**Task statement**
In the material below, find the line with "Geschenk Deko Dekoration"; set down that line and every line after it to the end, exactly, without pictures.

**Data segment**
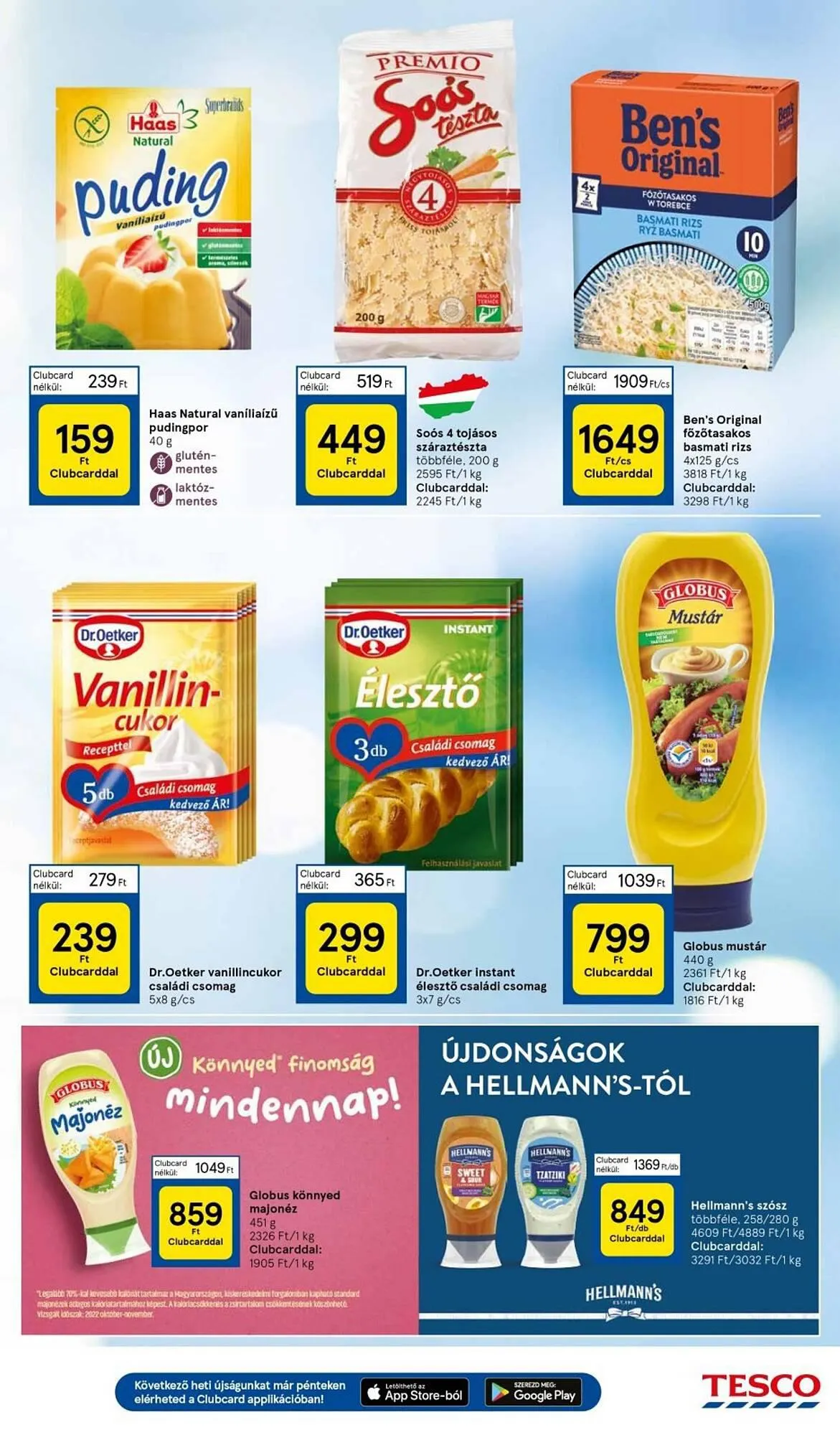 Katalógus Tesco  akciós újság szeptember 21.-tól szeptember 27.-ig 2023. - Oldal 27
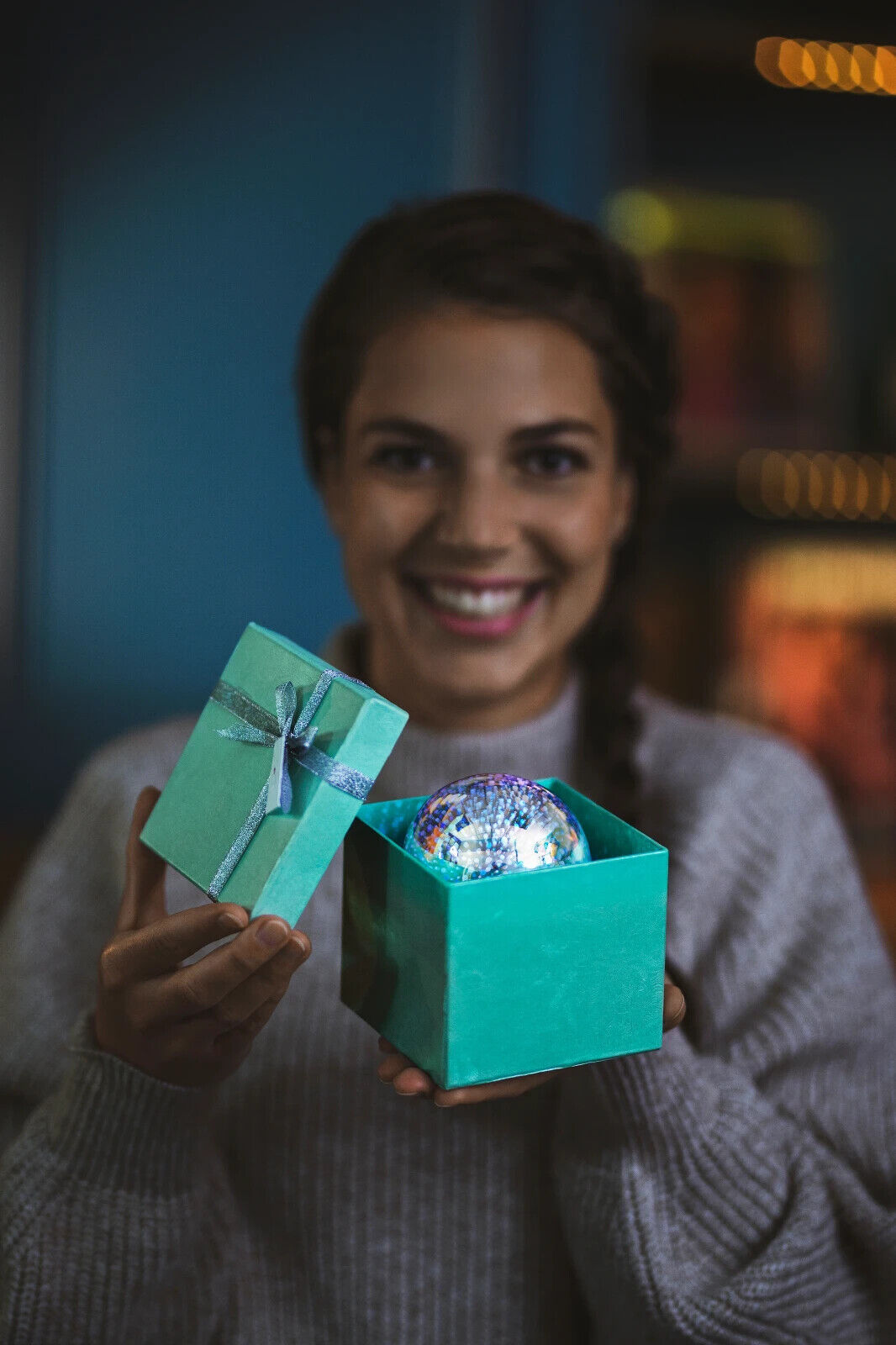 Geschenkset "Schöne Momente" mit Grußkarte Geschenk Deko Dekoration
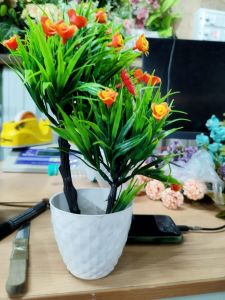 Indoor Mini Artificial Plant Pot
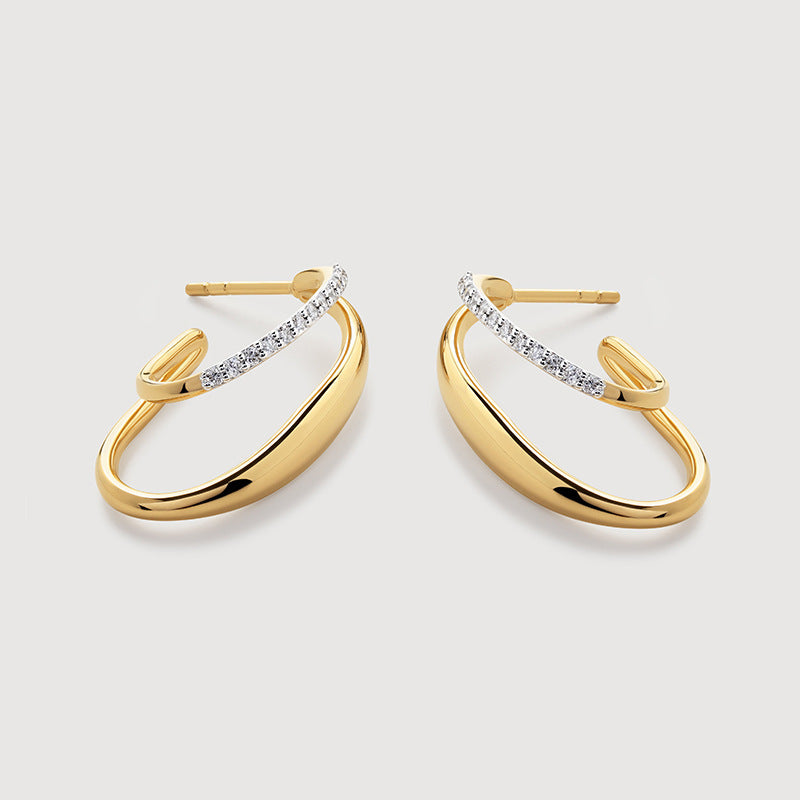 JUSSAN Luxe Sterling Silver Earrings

**Expected output**
 Geschenkset "Schöne Momente" mit Grußkarte Geschenk Deko Dekoration
 Indoor Mini Artificial Plant Pot
 JUSSAN Luxe Sterling Silver Earrings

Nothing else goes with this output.